The really cheapest Model 3 only lived for a few months, and Tesla sold a workaround option after that -- but not anymore.

2021 Tesla Model 3
See ya, $35,000 Model 3.

Remember when the Tesla Model 3 was just a twinkle in CEO Elon Musk's eye? The executive promised a game-changing electric sedan that would also be affordable for the average buyer -- as in $35,000 before federal tax credits.

While there's definitely a case to make on how the Model 3 has shaped the automotive industry at large, the affordability part remains in question, especially noting the $35,000 Model 3 is dead and gone. Electrek reported Monday, citing unnamed sources, that it's no longer possible to order the entry-level Model 3. Though, if we're being totally factual, the actual $35,000 Model 3 went away a long time ago.

Remember, Tesla launched the $35,000 car in 2019 long after the more expensive versions launched. However, just months later, Tesla pulled the entry-level EV. In its place, Tesla retailers sold a de-contented version of the $38,000 Model 3 Standard Range with software locked. Essentially, it was a Model 3 Standard Range with a $3,000 discount. And for anyone who wanted one, Tesla didn't advertise the EV on its website. Instead, buyers needed to phone the automaker or visit one of its retail stores to place an order in person. Clearly, Tesla never really wanted to sell the cheapest version of its banner EV.
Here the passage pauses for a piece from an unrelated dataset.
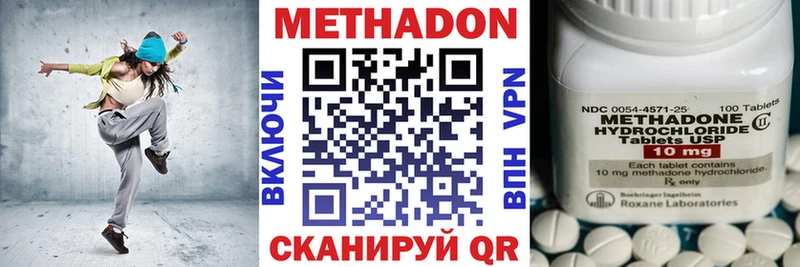 купить наркотик  Балаково  МЕТАДОН VHQ 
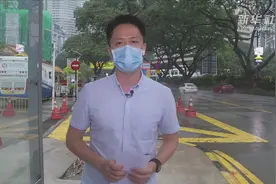 记者连线 | 马来西亚将禁止疫情“高风险”国家公民入境视频封面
Now, according to the report from the fan site, the $35,000 Model 3 is no longer after the company nixed the ability to lock away some software, so retailers can't "downgrade" and sell the car at the discounted price. Tesla made a number of updates to the Model 3 for 2021, but the cheapest version is now the $38,000 car.

How many $35,000 Model 3 sedans were sold? We don't know. But for those who snagged the car at that price while Tesla was still dishing out federal tax credits, they got one wild deal last decade. Tesla ran out of credits at the end of last year after the US Congress failed to extend the program.